In a report released to mark the International Day for the Elimination of Sexual Violence in Conflict, United Nations experts sounded the alarm over what they called a “pattern of weaponized rape and terror,” placing overwhelming responsibility on the paramilitary Rapid Support Forces (RSF). According to the UN’s designated expert on Sudan, Radhouane Nouicer, more than 70% of the 521 victims of conflict-related sexual violence documented to date were attacked by RSF fighters, often in displacement camps or areas under their control.
“These crimes are not isolated incidents; they represent a deliberate strategy of war,” said Nouicer, adding that many assaults involved gang rape, forced abduction, and violence based on ethnic targeting.
At the same time, the UN warns that nearly half of Sudan’s 30 million people in need of aid are children, yet less than 18% have received any protection services in 2025. A severe funding shortfall—only 3% of the needed $88 million secured—has left hundreds of thousands of vulnerable minors without access to shelter, legal aid, or psychological care.

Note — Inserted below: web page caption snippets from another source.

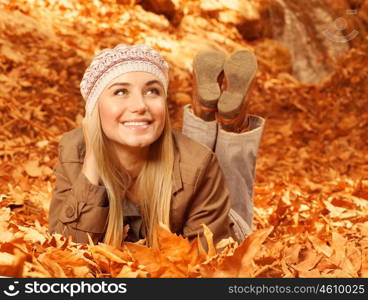 Picture of pretty cheerful woman lay down on the ground covered dry autumnal foliage, cute young lady having fun in fall park, beautiful female rest on backyard, happiness and fun concept&#xA;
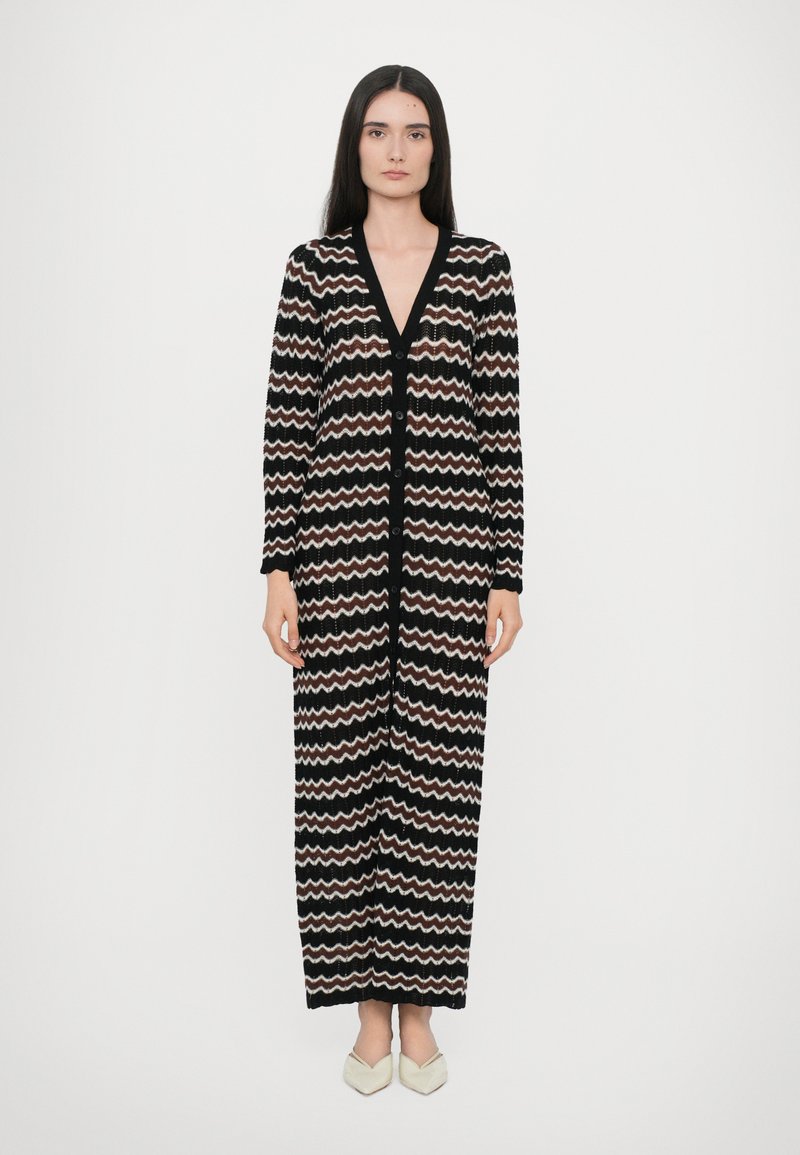 Lang zwarte cardigan met zigzagpatroon in beige en wit. Heeft een V-hals, lange mouwen en knopen aan de voorkant. Gladde textuur.
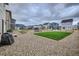 View of new homes and the backyard with a gravel ground, wooden fence, and small patch of grass at 16135 Mountain Flax Dr, Monument, CO 80132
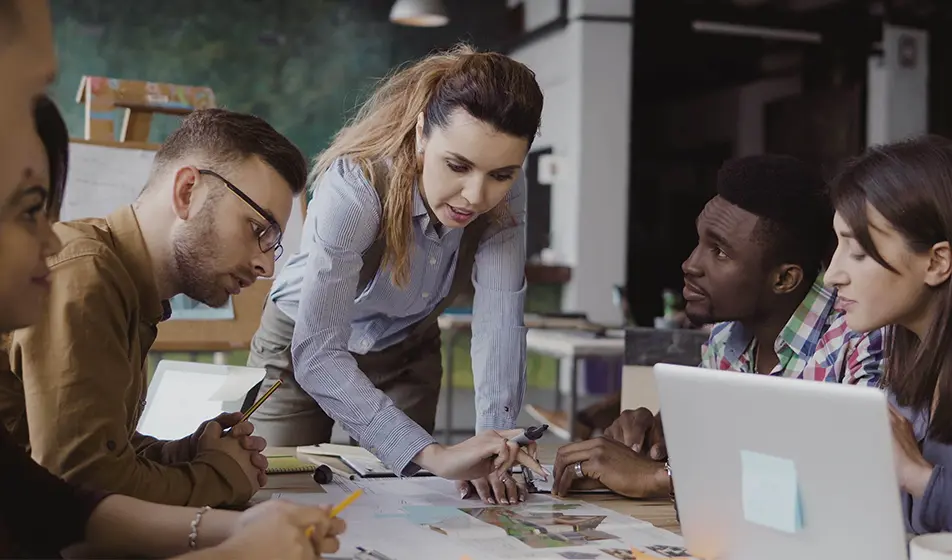 Six colleagues are gathered around a wooden table together. They have a laptop on the table as well as paperwork showing architectural plans.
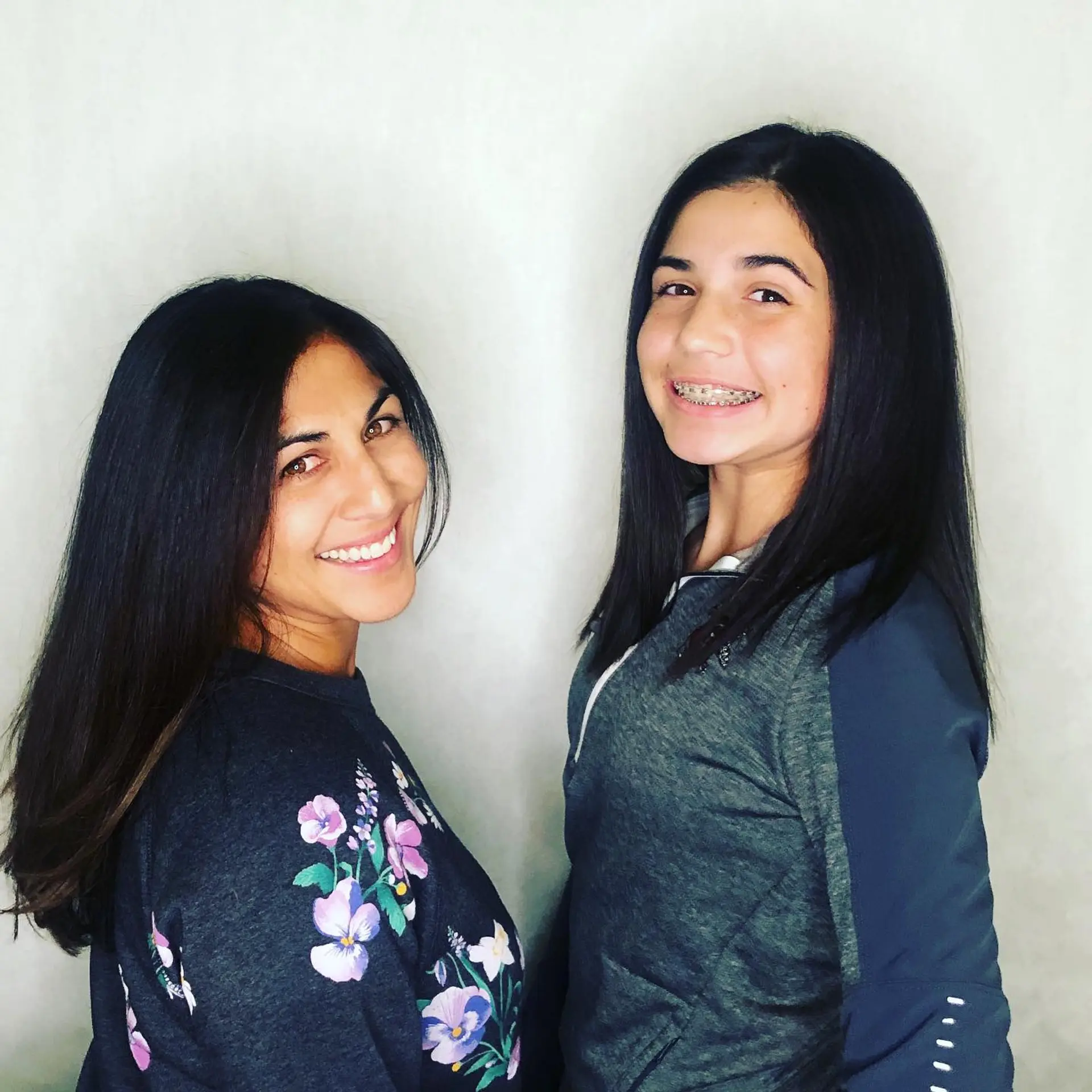 Sleek, smooth dark hair styled straight with a polished, shiny finish. 1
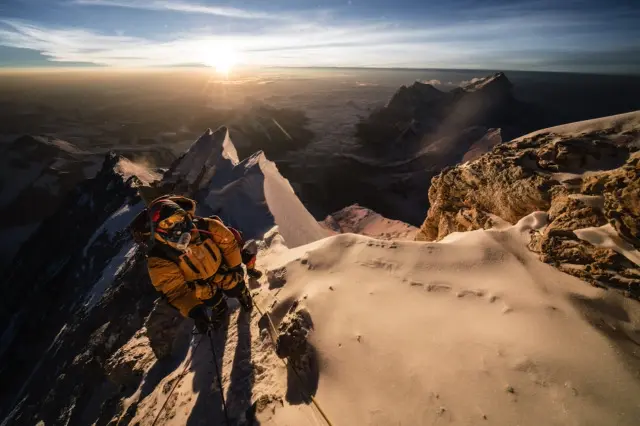 Alpinista en cumbre nevada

The health situation is equally grim. Since mid-2023, a widespread cholera outbreak has sickened over 80,000 people and killed more than 2,000—nearly a quarter of them children under five. In recent months, new hotspots have emerged in conflict-hit areas including El Fasher and Nyala, further complicating response efforts. Aid workers are operating under threats, and last week’s fatal ambush on a World Food Programme convoy in North Darfur has heightened fears over humanitarian access.
UN agencies say the crisis is exacerbated by the collapse of Sudan’s public institutions, restrictions on humanitarian entry, and the proliferation of armed actors with no unified chain of command. A UN fact-finding mission also flagged the growing use of sexual violence and starvation as tools of warfare by both the Sudanese Armed Forces (SAF) and the RSF.
Despite repeated international appeals for accountability and safe humanitarian corridors, progress remains elusive. Survivors and rights defenders continue to speak out, often at great personal risk, demanding justice and long-term support.
“The war may be invisible to much of the world now, but for the women raped, for the children sickened by cholera, and for the families living in makeshift tents with no food or future, every day is a new battlefield,” said Kristine Hambrouck, the UN’s acting humanitarian coordinator in Sudan.
The UN and partner agencies have renewed their calls for an immediate cessation of hostilities, survivor-centered services, and an international mechanism to bring perpetrators of war crimes to justice.